The sculpture, funded by Mazda, weighed 120 tonnes and was built from 720 mild steel beams, stacked 40m high to where the cars were suspended. Laid end to end the beams would stretch 1,235m, the same length as the Goodwood hill climb track. The top of the structure, where the cars were seated allows for deflection in high winds of 100mm.
Judah said: "Usually, the one thing you never do with steel is to twist it, so this year we had an impossible challenge to find a way of corkscrewing the entire structure, and we succeeded with an elegant and graceful system that showed off the elegance and grace of the cars themselves."
Usually, on a project like this a profile is cut into each beam so they slot together easily. However, as the brief required the beams to form a helix-style twist the design team had to come up with a less conventional way of fixing them together; rather than cutting profiles into the beams to slot them together, the beams were stacked on top of each other with alignment holes and locating pins and welded around the perimeter of the contact area.
The sculpture paid homage to Mazda's racing success by including the 787B, the first and only Mazda ever to win the Le Mans 24 hour endurance race, and the LM55 concept car that was designed for the computer game Gran Turismo 6 and was specifically manufactured for this sculpture. The LM55 pays homage to the 1991 Le Mans winning car, 55 being the number worn by the 787B.

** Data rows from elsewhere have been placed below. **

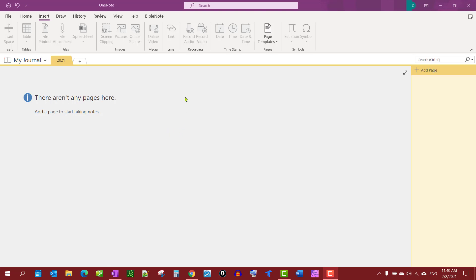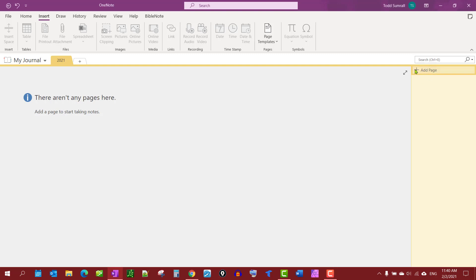In this video we're going to create a simple journal using OneNote. If this video helps you, how about leaving me a like, subscribe, and leave a comment. So for starters, you'll notice I created my new notebook called My Journal. I have a section, it's going to be for 2021, the year this video is being made.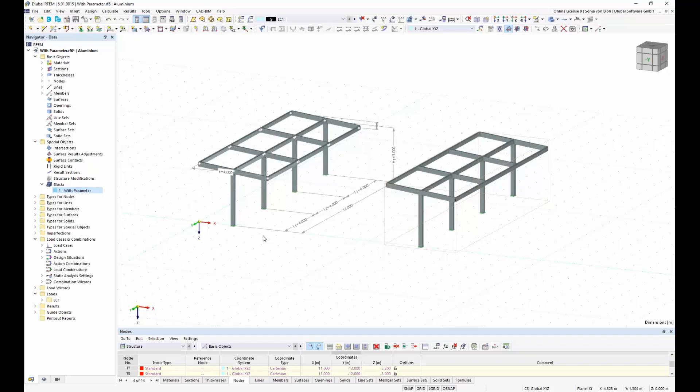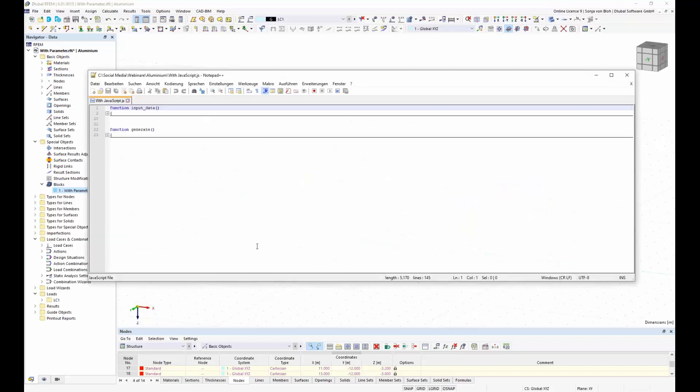The possibility to create dynamic blocks is available with blocks that use JavaScript. This brings me to the third block type: blocks with JavaScript. With scripting, I can create the topology, load cases, and loads. For creating script files, you only need an editor like Notepad++. I created a JavaScript file to generate the canopy presented earlier. The three main functions available for defining blocks are: global parameters, input data, and generate.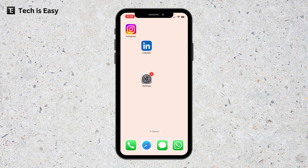In this video, I'm going to show you how to lock and hide apps on your iPhone. This is a new feature and you require iOS 18 to do this. If you haven't updated your iOS version, just go to Settings and update it, and then you can get started.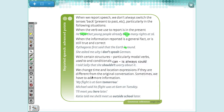We change time and location expressions if they are different from the original conversation — sometimes we have to add more information. For example, if someone said 'Yesterday, we did the vocabulary review,' you wouldn't report it as 'The teacher said she has done the vocabulary review yesterday.' You'd say 'the day before.' So when we are writing reported speech, we need to change the time expression.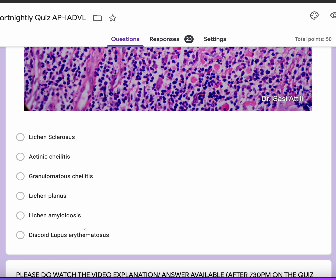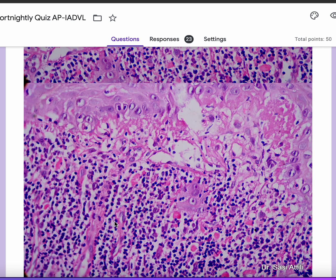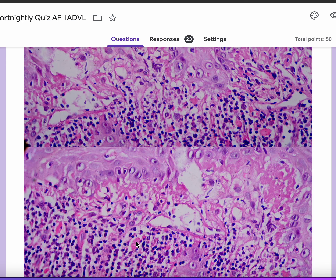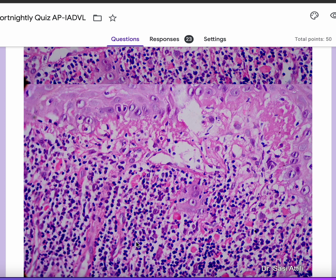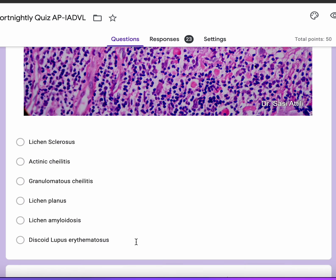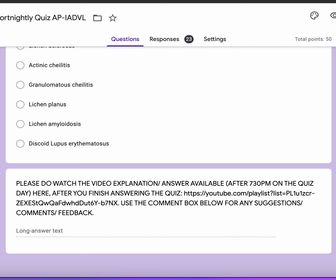DLE is a close differential — if you've chosen DLE, don't curse yourself too hard. DLE and lichen planus probably can be the differential, but DLE would show less dense lichenoid infiltrates, usually a bit patchier, more in the way of basement membrane thickening, and less in the way of colloid bodies. So this is a case of lichen planus of the lip. I hope you enjoyed the quiz — thank you very much.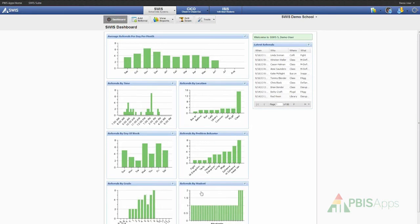And then finally, I have referrals by student, which helps me visually identify how many students in my building have one or more referrals as well as which specific students have one or more referrals.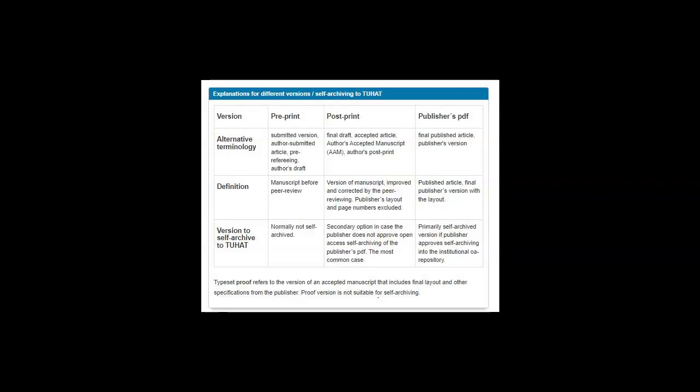The post-print version of the article often involves an embargo set by the publisher, for example 12 months. In that case the article transforms automatically from Tuhat to Helda once the embargo is over. There may be other restrictions in the SHERPA/RoMEO database, for example a requirement to use certain license for the archived article.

Postle has worked on all of the last 11 sculptures. He said that the project was proposed by Mazda in April 2014, with "dozens and dozens of iterations" being produced until the final design was agreed upon in February 2015. A team from Littlehampton Welding began cutting the beams in March and the sculpture itself was finally put together in three weeks, ready to be displayed at the Festival of Speed.
Postle used a range of design software, including AutoCAD, SketchUp and Blender, to code the scripts for each of the 720 components that make up the structure and the ways in which they were to be joined together to provide the optimal structural support. The final analysis of the project was done in Graitec Advance Design.
Postle said:"The final design was created entirely by defining four 3D splines in AutoCAD, then a series of custom Perl scripts generated everything else – basically we wrote the software we needed to do the job."
His three-man team tried many variations of twist types as well as having as many as four MX5production cars suspended on the structure. However, Postle's team and Judah decided not to use these standard road cars, choosing the race cars instead.
"There's always pressure to make each year's sculpture bigger than the year before. People said we couldn't beat last year's design," Postle said, referring to 2014's sculpture celebrating 120 years of Mercedes-Benz motorsport featuring an arch that travelled over Goodwood house that featured Lewis Hamilton's 2013 F1 car and a replica of the 1934 W25 which raced at the Nurburgring. "But this year's was different. It was more sculptural and involved more architecture in its design. It's been a big success, it was spectacular."
After the four day event the structure is to be dismantled over a period of two weeks, all the welds will be ground out and the material will either be reused or scrapped. The team will then be ready to begin the process of designing next year's sculpture.